What is “Zen3” (Ryzen 5000)?

AMD’s Zen3 (“Vermeer”) is the 3rd generation ZEN core – aka the new 5000-series of CPUs from AMD, that introduces further refinements of the ZEN(2) core and layout. An APU version (with integrated graphics) is also available. The CPU/APUs remain socket AM4 compatible on desktop – thus allowing in-place upgrade (subject to BIOS upgrade as always) – but series 500-chipsets are recommended to enable all features (e.g. PCIe4, etc.). [Note this is the last CPU that will fit AM4 socket; future CPUs supporting DDR5 need a new socket]

Unlike ZEN2, the main changes are to the core/cache layout but they could still prove significant considering the cache/memory latencies issues that have impacted ZEN designs:

  • (AMD) Claims +19% IPC (instructions per clock) overall improvement vs. ZEN2
    • Higher base and turbo clocks +7% [for 5800X vs. 3700X]
  • Still built around “chiplets” CCX (“core complexes”) but now of 8C/16T and larger L3 cache (still 7nm)
    • Same central I/O hub with memory controller(s) and PCIe 4.0 bridges connected through IF (“Infinity Fabric”) (12nm)
    • Still up to 2 chiplets on desktop platform thus up to 2x 8C (16C/32T 5950X)
  • L3 is still the same 32MB but now unified (not 2x 16MB) still up to 64MB on 5950X
    • 3D V-Cache L3 is 96MB unified, thus 3x (!) larger than original Zen3
  • 20 PCIe 4.0 lanes
  • 2x DDR4 memory controllers up to 3200Mt/s official (4266Mt/s max) [future AM5 socket for DDR5 support]

What is the new Zen3-3D V-Cache (Ryzen 5000-3D)?

It is a version of Zen3+ chiplet with vertically stacked (thus the 3D(imensions) moniker) L3 cache that is 3x larger (thus 96MB). The latency is expected to be slightly higher (+4 clock) and bandwidth also slightly lower (~10% less).

However, the sheer size of the L3 cache allows many (desktop) workloads’ data sets to be fulfilled directly from the L3 cache thus avoiding main memory access (with higher latencies and lower bandwidth). Inter-core/thread transfers of relatively large data sets (12MB/core) can also be fulfilled directly by the L3 cache.
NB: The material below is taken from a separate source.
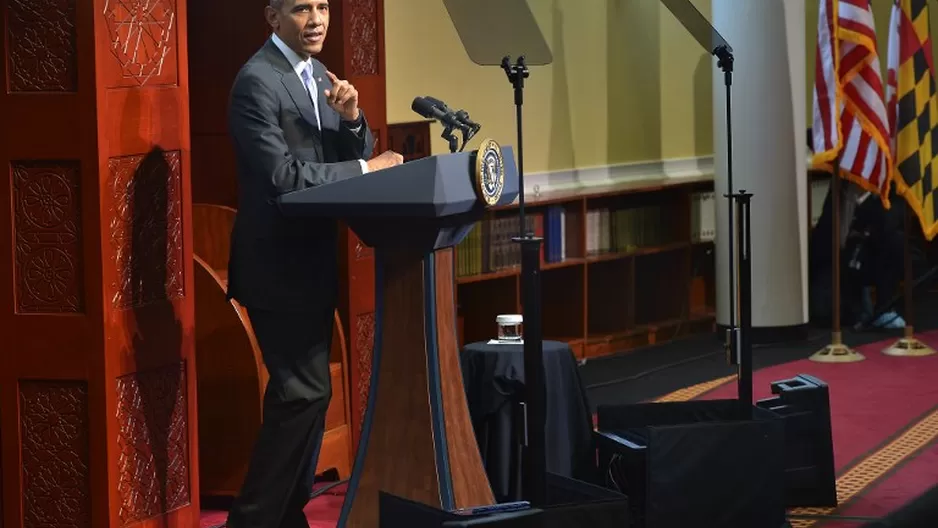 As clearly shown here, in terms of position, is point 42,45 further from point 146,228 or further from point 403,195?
point 403,195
Until recently, top-end 8-core Intel CPUs (e.g. 11900K, 10700K, etc.) had only 16MB L3 cache (1/2x normal Ryzen, 1/6x 3D Ryzen) – with only recent Intel “AlderLake” (ADL) 16-core (8C+8c) having a comparable 30MB L3 cache.

To upgrade from standard Zen3 or not?

Except the new L3 3D/V-Cache cache, there are no other major changes:

  • Minor stepping update (S2 vs. S0) with no major fixes
  • Requires AGESA V2 1.2.0.6+ for support – update BIOS before installing
  • Base and Turbo clocks are lower than normal Zen3 (5800X), thus raw compute power is lower

It all depends on the data set(s) of the workload(s) you are running:

  • Data sets that either entirely fit or can be significantly served in the 96MB L3 cache – will see significant uplift
  • Inter-core/thread data transfers that can entirely fit in the 3D L3 cache – will see significant uplift
  • Streaming workloads or with very large data sets may not show uplift but be slower due to lower base/turbo clocks
  • Compute heavy algorithms with small data sets will be slower due to lower base/turbo clocks

Review

In this article we test CPU core performance; please see our other articles on:

Hardware Specifications

We are comparing the top-range Ryzen 7 5000-series (Zen3 8-core) with previous generation Ryzen 7 3000-series (Zen2 8-core) and competing architectures with a view to upgrading to a top-range, high performance design.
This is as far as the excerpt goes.